REQUIREMENT = Where the listing below has a line with "Ann Taylor The", write out exactly that line and every line after it, stopping after the line with "2023 Lexus IS".

RECORDS FOR PROCESSING =

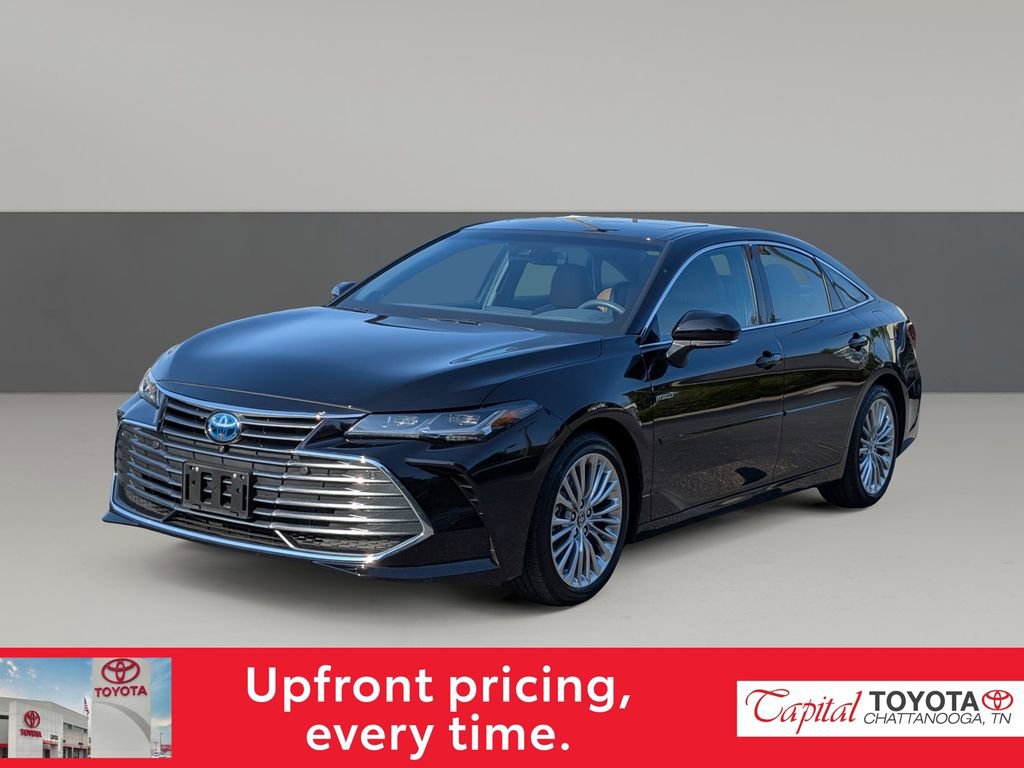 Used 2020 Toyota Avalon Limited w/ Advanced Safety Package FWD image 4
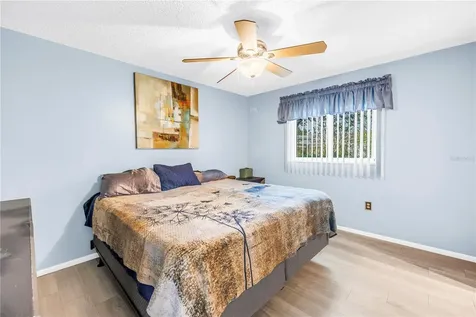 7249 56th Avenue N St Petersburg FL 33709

--

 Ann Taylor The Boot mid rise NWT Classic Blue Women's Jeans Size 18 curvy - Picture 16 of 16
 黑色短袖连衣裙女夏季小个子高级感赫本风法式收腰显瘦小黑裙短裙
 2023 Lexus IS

---

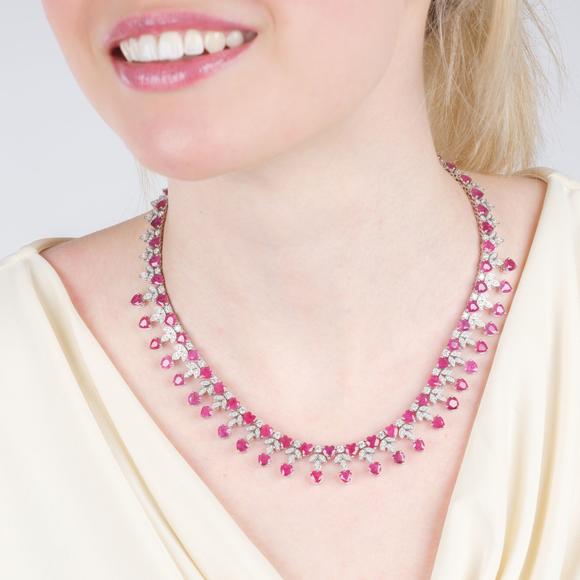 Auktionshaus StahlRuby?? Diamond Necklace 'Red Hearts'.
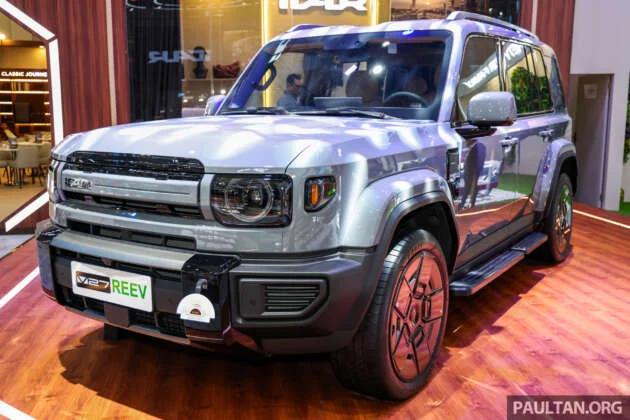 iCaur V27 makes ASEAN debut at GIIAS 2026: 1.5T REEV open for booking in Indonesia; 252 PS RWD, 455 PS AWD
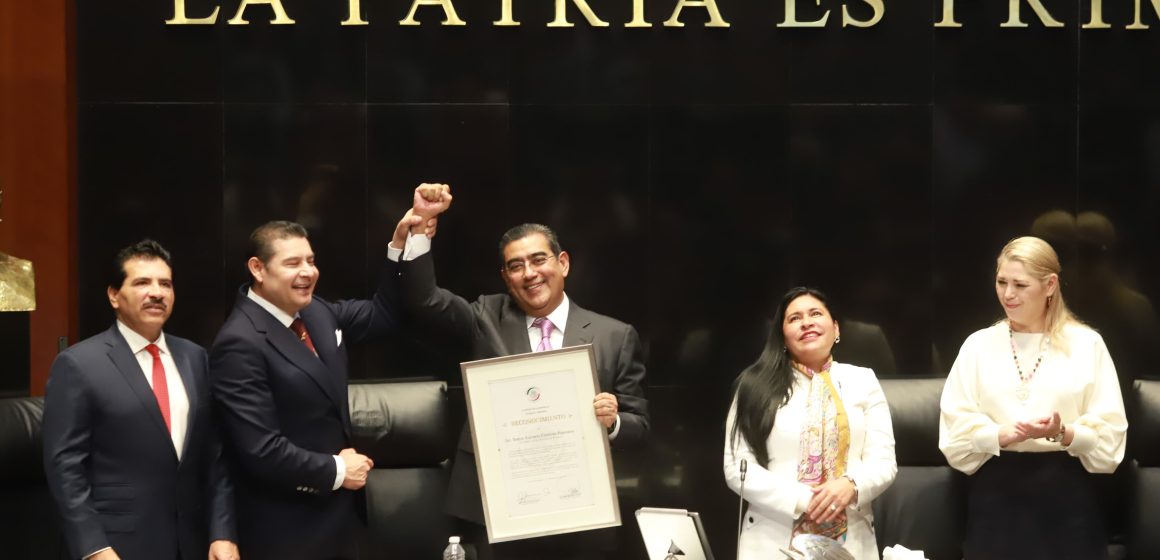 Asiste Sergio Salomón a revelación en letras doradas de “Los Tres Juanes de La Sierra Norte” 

WRITTEN SOLUTION =
 Ann Taylor The Boot mid rise NWT Classic Blue Women's Jeans Size 18 curvy - Picture 16 of 16
 黑色短袖连衣裙女夏季小个子高级感赫本风法式收腰显瘦小黑裙短裙
 2023 Lexus IS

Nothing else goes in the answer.